I need to connect this:

electric motor bolt face

To this:

manual transmission bell housing face

Like this:

motor and transmission set up together

The approach I'm considering is to fabricate two metal plates: one attached to the transmission and the other to the motor, with some bolts/spacers between them, sort of like this: drawing of the assembled motor and transmission

In order to do this, I need to measure the existing parts accurately--specifically I want to find the X/Y positions of the bolt holes and the output/input shafts. The most important thing is that, with everything assembled, the rotating shafts line up precisely, so I need to ensure the holes on the plates properly align with each other.

However, this has been challenging. The parts are large and heavy, have complex 3d shapes, and are sitting on a concrete garage floor that isn't necessary flat and level.
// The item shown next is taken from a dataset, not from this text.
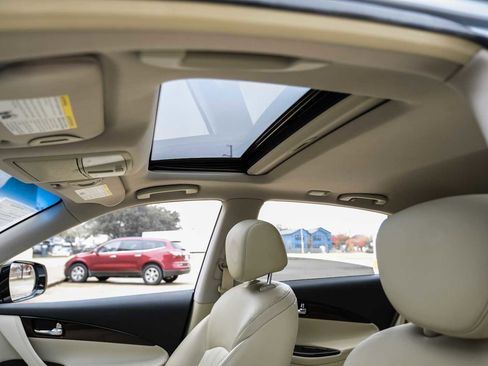 Used 2017 INFINITI QX50 w/ Premium Plus Package image 5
I've tried a few techniques:

  • Using a combination of calipers and a metal ruler (where the distance was larger than the caliper could reach) to measure from the closest edges of the holes to each other, or to other features, the using either Fusion 360 dimensional constraints, or a spreadsheet, to nudge things around until the dimensions are close. There seems to be enough error with my measurements, even when I thought I was being careful, that things generally don't line up well when I've done test cuts.
  • Taping a large piece of graph paper to the part, then tracing around the holes (by putting a pen through the hole where possible, or by following where the paper indents into the hole from the other side), then measuring along the graph paper with a ruler. Or, where possible, scanning the graph paper on a flatbed scanner and trying to measure with programs like Gimp or Inkscape. It's hard to get the pen marks exact, especially on deep holes.
  • Taking a picture with a camera, then trying to adjust the rotation and scale along each axis to correct it in a vector editing program. There is always quite a bit of distortion and I haven't been able to get anything to match, no matter how carefully I try to match the camera.
  • I did try iPhone LIDAR, but it's not nearly precise enough.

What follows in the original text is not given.